### Task directions
Starting at the top of the entries below, set down each line exactly as written, and stop after the line containing "We saw how to".

### Source material
BEGIN

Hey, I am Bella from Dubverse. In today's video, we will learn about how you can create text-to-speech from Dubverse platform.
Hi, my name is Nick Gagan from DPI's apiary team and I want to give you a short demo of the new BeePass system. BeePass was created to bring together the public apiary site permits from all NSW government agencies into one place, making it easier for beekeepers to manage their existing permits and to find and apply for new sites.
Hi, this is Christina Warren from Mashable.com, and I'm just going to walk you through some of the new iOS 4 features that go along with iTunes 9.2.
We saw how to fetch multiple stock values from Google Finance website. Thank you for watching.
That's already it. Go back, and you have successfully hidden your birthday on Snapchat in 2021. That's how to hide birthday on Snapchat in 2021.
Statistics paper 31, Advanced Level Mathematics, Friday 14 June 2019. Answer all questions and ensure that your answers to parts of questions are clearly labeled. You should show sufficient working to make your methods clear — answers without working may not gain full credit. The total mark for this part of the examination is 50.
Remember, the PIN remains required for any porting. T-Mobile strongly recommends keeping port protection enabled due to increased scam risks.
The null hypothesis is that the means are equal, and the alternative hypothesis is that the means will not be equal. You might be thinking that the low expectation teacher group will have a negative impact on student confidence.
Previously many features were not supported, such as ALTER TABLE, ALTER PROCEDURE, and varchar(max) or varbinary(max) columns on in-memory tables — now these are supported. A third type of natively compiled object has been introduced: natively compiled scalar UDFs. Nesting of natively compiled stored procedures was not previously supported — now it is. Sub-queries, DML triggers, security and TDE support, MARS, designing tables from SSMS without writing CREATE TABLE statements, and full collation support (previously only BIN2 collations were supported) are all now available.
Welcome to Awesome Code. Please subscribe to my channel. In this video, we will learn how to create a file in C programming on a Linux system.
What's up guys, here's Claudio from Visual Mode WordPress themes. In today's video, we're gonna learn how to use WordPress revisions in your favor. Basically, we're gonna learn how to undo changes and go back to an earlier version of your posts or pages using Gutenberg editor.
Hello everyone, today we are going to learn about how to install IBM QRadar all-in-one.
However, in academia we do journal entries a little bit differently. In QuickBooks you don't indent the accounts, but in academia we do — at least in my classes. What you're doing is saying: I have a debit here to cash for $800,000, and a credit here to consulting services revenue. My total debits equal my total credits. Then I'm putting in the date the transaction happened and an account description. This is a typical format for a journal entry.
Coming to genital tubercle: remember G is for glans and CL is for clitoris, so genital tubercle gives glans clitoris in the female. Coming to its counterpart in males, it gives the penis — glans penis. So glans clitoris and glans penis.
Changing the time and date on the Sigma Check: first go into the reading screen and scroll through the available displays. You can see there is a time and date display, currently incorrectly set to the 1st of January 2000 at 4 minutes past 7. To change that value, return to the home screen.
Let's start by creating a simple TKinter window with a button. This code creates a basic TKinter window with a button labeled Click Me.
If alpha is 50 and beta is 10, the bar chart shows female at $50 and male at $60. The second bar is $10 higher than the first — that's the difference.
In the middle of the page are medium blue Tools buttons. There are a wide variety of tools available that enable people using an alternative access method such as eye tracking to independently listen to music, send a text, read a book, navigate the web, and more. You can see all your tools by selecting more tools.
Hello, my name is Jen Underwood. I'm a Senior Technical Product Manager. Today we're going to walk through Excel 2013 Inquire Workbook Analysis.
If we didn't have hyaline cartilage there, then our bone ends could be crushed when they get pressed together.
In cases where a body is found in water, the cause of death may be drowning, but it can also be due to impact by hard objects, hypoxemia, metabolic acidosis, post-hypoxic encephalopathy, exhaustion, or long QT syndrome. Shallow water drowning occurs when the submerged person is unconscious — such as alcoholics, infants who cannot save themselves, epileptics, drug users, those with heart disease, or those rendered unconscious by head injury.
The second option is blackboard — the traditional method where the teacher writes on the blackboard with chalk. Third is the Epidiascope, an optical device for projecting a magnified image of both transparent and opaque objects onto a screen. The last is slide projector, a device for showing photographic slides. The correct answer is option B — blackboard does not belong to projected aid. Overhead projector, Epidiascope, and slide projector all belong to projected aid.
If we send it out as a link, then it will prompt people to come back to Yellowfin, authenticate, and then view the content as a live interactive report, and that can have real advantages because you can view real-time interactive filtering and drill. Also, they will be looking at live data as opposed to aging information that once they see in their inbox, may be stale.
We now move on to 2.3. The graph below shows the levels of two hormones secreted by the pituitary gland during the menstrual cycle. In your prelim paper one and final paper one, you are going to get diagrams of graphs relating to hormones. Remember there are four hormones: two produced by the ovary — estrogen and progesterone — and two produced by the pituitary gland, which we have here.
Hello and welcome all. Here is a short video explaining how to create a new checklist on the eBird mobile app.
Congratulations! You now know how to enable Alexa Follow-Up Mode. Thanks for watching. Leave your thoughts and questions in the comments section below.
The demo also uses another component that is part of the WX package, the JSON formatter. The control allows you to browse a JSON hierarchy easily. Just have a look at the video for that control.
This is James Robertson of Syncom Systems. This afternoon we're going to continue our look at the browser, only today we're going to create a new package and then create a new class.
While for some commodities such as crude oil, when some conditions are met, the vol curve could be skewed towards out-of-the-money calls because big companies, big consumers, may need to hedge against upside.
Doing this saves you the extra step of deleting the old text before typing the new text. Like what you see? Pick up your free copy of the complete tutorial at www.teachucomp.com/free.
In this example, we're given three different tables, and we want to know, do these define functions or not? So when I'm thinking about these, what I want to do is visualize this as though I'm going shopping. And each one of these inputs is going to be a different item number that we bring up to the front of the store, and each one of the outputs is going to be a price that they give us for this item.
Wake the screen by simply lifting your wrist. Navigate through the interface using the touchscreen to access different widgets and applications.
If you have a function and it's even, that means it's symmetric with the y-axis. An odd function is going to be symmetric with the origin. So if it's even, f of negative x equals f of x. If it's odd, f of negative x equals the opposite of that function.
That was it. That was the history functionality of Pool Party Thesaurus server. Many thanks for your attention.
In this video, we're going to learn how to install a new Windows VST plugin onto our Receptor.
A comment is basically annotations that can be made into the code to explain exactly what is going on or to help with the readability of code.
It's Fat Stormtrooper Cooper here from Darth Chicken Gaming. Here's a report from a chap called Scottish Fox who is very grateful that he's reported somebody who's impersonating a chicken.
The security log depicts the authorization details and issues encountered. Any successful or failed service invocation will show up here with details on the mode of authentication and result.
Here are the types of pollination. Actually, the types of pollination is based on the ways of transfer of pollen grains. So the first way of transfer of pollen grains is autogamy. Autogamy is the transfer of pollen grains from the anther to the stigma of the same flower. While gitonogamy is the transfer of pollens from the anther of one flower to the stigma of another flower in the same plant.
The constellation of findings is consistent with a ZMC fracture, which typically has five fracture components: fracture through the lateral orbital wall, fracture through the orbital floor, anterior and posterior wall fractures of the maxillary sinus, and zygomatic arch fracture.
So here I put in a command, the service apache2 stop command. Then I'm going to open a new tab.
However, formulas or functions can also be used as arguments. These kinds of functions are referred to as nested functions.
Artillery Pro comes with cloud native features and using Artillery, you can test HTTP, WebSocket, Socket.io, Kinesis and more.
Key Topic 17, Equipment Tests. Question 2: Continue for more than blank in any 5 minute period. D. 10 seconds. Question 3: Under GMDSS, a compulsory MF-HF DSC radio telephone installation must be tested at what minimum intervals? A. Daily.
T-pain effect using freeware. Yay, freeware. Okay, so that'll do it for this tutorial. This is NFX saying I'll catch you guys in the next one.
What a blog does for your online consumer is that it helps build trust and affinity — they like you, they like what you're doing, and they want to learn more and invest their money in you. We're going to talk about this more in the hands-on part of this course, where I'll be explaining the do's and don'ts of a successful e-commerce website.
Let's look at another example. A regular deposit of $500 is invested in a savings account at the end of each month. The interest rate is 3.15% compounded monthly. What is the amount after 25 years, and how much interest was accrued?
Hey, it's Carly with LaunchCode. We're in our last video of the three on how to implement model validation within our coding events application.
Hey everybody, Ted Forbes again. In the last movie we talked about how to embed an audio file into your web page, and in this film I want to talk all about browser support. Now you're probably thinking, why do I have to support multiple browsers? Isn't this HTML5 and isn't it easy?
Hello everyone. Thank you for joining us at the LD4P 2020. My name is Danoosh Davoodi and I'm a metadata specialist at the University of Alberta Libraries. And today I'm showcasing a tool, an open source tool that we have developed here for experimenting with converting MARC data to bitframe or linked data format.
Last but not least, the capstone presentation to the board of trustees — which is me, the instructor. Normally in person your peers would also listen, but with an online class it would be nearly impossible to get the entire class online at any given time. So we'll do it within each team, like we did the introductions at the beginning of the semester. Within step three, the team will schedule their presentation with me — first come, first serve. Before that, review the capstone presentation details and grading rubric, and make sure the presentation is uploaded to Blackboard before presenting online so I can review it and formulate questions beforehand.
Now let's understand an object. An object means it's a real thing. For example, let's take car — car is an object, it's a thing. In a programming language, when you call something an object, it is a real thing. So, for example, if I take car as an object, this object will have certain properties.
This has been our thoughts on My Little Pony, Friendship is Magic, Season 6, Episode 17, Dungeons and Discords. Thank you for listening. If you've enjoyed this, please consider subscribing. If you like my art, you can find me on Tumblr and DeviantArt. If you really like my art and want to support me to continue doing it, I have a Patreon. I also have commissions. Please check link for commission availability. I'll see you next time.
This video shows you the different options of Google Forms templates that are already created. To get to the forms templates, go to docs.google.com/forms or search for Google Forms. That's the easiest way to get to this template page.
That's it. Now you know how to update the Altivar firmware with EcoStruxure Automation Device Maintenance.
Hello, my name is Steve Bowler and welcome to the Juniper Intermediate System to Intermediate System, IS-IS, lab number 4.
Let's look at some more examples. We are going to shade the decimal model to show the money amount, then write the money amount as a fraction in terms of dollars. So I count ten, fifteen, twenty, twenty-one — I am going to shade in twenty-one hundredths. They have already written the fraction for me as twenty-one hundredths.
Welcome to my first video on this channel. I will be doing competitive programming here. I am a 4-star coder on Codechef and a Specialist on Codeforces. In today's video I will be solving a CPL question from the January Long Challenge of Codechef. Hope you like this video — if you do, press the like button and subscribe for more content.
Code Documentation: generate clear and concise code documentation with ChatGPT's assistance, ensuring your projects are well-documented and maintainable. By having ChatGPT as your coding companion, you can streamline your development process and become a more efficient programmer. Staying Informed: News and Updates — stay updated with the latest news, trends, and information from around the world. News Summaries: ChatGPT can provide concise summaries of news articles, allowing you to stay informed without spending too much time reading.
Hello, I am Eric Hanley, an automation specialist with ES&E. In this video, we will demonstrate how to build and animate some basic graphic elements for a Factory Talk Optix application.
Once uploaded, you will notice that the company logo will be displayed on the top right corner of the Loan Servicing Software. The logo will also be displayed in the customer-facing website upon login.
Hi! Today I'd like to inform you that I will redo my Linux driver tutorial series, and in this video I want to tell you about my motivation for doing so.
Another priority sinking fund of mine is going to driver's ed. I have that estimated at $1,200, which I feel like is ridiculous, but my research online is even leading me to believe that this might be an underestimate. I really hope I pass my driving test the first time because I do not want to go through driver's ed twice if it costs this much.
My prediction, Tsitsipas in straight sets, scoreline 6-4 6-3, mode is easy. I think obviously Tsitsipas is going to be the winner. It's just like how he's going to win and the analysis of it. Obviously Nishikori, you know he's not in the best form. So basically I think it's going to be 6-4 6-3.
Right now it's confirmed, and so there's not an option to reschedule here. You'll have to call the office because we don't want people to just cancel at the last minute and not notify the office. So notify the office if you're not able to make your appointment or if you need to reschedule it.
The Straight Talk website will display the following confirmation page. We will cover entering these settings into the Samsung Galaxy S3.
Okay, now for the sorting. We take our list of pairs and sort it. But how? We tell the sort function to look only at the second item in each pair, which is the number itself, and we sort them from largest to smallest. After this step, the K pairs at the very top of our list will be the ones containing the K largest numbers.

END

### Output of the exercise
Hey, I am Bella from Dubverse. In today's video, we will learn about how you can create text-to-speech from Dubverse platform.
Hi, my name is Nick Gagan from DPI's apiary team and I want to give you a short demo of the new BeePass system. BeePass was created to bring together the public apiary site permits from all NSW government agencies into one place, making it easier for beekeepers to manage their existing permits and to find and apply for new sites.
Hi, this is Christina Warren from Mashable.com, and I'm just going to walk you through some of the new iOS 4 features that go along with iTunes 9.2.
We saw how to fetch multiple stock values from Google Finance website. Thank you for watching.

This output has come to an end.